§ **YOUR INSTRUCTIONS**
Single out the lines of the material that contain "Cagliari" and copy them.

Start of Block

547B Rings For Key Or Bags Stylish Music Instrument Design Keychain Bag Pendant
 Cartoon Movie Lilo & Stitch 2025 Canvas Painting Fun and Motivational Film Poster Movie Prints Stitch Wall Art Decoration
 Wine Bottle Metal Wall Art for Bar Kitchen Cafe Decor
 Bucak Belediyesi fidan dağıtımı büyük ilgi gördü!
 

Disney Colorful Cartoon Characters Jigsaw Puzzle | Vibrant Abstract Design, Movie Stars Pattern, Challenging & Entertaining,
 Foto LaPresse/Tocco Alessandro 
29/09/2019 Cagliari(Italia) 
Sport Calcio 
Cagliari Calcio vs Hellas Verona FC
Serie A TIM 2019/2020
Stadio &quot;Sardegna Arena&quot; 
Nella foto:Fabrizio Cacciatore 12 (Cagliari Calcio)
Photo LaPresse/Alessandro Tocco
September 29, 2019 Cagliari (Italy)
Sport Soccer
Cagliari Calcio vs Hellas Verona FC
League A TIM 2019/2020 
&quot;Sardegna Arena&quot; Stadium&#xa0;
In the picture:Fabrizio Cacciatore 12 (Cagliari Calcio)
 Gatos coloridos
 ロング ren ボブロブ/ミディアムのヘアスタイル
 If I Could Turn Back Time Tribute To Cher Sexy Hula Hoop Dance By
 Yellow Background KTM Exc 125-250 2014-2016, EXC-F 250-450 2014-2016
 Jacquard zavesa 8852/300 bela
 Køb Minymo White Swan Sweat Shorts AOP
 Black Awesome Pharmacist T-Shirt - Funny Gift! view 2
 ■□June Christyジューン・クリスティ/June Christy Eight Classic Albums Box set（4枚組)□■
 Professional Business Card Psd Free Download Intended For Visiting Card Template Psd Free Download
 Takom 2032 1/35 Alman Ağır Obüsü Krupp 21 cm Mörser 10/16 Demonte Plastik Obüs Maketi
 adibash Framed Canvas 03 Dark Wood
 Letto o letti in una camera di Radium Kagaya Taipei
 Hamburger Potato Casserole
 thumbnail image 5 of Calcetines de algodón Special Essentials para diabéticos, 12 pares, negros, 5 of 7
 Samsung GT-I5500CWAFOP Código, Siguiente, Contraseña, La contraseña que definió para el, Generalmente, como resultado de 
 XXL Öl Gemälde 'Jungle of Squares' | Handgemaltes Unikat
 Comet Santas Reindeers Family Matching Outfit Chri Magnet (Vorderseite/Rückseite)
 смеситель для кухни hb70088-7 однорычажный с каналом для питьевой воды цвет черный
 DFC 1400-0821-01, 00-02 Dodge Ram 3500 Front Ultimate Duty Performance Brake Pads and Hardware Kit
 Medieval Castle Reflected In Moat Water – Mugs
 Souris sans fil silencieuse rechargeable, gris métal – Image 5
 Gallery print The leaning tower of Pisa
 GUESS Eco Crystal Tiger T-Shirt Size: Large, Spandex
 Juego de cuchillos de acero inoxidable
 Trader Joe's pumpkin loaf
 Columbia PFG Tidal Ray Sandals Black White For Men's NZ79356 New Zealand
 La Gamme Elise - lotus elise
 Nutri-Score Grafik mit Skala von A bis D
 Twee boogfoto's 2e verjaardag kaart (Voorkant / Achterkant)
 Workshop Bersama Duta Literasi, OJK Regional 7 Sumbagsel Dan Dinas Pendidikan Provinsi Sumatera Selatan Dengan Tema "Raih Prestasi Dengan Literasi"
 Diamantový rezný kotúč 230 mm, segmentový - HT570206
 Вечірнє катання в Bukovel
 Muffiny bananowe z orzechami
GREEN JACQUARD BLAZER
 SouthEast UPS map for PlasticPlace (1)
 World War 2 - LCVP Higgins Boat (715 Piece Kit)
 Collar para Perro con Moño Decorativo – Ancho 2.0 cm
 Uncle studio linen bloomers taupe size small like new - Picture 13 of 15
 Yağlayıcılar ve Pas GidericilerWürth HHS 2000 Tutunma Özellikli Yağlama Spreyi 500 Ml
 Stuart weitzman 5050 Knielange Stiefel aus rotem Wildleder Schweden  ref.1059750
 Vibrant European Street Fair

End of Block

§ **SOLUTION FOR THIS PROBLEM**
29/09/2019 Cagliari(Italia) 
Cagliari Calcio vs Hellas Verona FC
Nella foto:Fabrizio Cacciatore 12 (Cagliari Calcio)
September 29, 2019 Cagliari (Italy)
Cagliari Calcio vs Hellas Verona FC
In the picture:Fabrizio Cacciatore 12 (Cagliari Calcio)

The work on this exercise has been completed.